I practically sprint out of the room when the exam is done. When I make my way back to the reception area, Gwen looks up from her magazine. Her features shift when she sees me. I’m sure I must look dreadful. She stands up, but I run right past the waiting area and take refuge in the private bathroom.
I lock the door, not wanting her in with me.
Sure enough, she knocks. “Talk to me, Mirella.”
“Go away!” I scream. “I’m never talking to you again.”
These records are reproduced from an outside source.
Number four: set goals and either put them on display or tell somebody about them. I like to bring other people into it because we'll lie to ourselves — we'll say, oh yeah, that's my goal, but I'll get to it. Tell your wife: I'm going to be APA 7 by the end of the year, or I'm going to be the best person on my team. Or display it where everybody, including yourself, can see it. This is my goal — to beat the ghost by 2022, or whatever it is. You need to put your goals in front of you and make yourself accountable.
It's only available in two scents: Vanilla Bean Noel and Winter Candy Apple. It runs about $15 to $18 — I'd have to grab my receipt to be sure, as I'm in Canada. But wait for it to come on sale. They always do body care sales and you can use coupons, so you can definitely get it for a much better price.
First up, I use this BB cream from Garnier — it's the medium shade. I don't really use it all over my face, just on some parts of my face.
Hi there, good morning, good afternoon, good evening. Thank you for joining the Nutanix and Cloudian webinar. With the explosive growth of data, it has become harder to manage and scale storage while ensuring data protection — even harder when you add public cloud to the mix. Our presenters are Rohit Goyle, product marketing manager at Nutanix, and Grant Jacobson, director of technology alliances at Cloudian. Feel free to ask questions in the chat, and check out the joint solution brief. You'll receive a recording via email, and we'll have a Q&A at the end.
I squat down against the door in tears, my face buried in my hands. Seeing that sonogram really shook me. I can’t help but think about Weston. He should know we have created a life. He has the right to know. My hands shake a little as I dig my cell out of my bag. My finger quivers as I slide it across the screen. I’m still crying as I press ‘contacts’ and slide my finger across the screen repeatedly until I reach ‘Weston’. My heart pounds as I press the green phone icon and wait.
I close my eyes when he answers.
“Mirella?” Weston says softly. “Hello.”
I don’t say a word.
“What are you doing in there?” Gwen shouts across the door.
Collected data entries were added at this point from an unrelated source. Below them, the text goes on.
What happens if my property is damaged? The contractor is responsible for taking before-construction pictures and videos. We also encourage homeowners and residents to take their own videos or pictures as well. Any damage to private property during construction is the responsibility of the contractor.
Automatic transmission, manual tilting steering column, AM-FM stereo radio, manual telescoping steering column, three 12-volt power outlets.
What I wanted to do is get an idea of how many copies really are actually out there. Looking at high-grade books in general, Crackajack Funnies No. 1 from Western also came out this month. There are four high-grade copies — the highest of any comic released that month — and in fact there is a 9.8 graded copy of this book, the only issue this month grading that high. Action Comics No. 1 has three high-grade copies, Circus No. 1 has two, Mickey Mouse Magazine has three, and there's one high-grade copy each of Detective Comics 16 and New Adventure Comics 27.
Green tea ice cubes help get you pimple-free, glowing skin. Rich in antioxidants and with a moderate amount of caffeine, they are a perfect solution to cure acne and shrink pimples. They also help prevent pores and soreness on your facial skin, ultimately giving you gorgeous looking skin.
“Damn you, Gwen,” I cry out and press on the ‘end call’ icon.
I just can’t do it. Not now. Not here. Not like this.
I stand and tuck away my phone. I wash my face, determined to walk out of here with my head high. I even finger-comb my hair and dab on a little lipstick. I jump at the sound of the old familiar Beyoncé tune playing on my cell. I grab my phone and see Weston’s name on the display. My heart hammers in my chest. I can’t talk to him. I let it go to voice mail and head out of the bathroom, my feet dragging.
Gwen is waiting impatiently. She practically jumps on me and wraps her arm around my shoulders. “What’s wrong, sweetie? Talk to me.”
“I want to go. I can’t do it.”
“That’s fine,” she says, her voice soft. “We’ll go.”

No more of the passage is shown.